# NFS client for Linux NFS server



## osxunix (May 31, 2003)

Hello everyone,

I am trying to connect an Apple iBook to a Gentoo Linux machine.  The Linux machines has exported an NFS directory called /hdb/share.  I want to be able to mount that directory via the NFS protocol from the iBook at /Share.  I have downloaded and installed the NFS Manager, however, I am having some problems.

As I stated, I just want to use the iBook as a client.  When I try to unlock the settings (by clicking the unlock icon in the lower left), I am prompted for a root passwd.  I know a fair amount of *nix, but am not as familiar with mac specific networking.  Also, the iBook belongs to the g/f, and she is unsure also (ie when prompted for an administrators password she knows what that is, but not this one).  It also states something to the effect that "usernames and passwords in this domain may be different from that of the local machine".

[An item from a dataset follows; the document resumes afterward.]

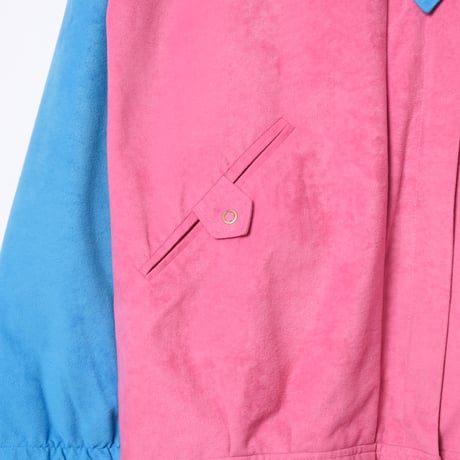 70-80s Vintage adidas Ventex Velours Track Jacket Pink (Made in France)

How do I determine the root passwd for the "/" domain?  She doesn't know it and the only time she does administrative tasks is as her normal user.

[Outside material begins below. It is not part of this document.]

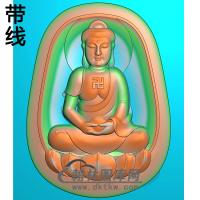 佛珠莲花座坐姿佛像精雕图（ZFX-315)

At the same time, is there an easy way to just log in as root so I don't have to keep entering passwds, especially in the CLI?

Thanks alot for any suggestions you might have.


----------



## symphonix (Jun 1, 2003)

By default, Mac OS X does not HAVE a root password. A root account is available, but no provision is made (with a standard install) for logging in. This is easily fixed.

To set a root password, do this.
- Open a Terminal.
- Type "sudo passwd root"
- You'll be prompted for your administrator (user) password.
- Then, you'll be prompted to enter and verify a password to use for root. I'd suggest a really tough one, because you're not going to be using it much anyway.

Once you've done this, you will have a root password. You will also find that you can log in as root,  but you really don't want to. Why? Firstly, because you'll still be prompted for passwords for some operations; and you'll run the risk of making a mistake and really messing up your system.


----------



## osxunix (Jun 2, 2003)

Thanks alot.  Being a Linux user, as I'm sure alot of people on these boards also are, I am used to having a root account available to me whenever I want.  Thanks again for your informative response.


----------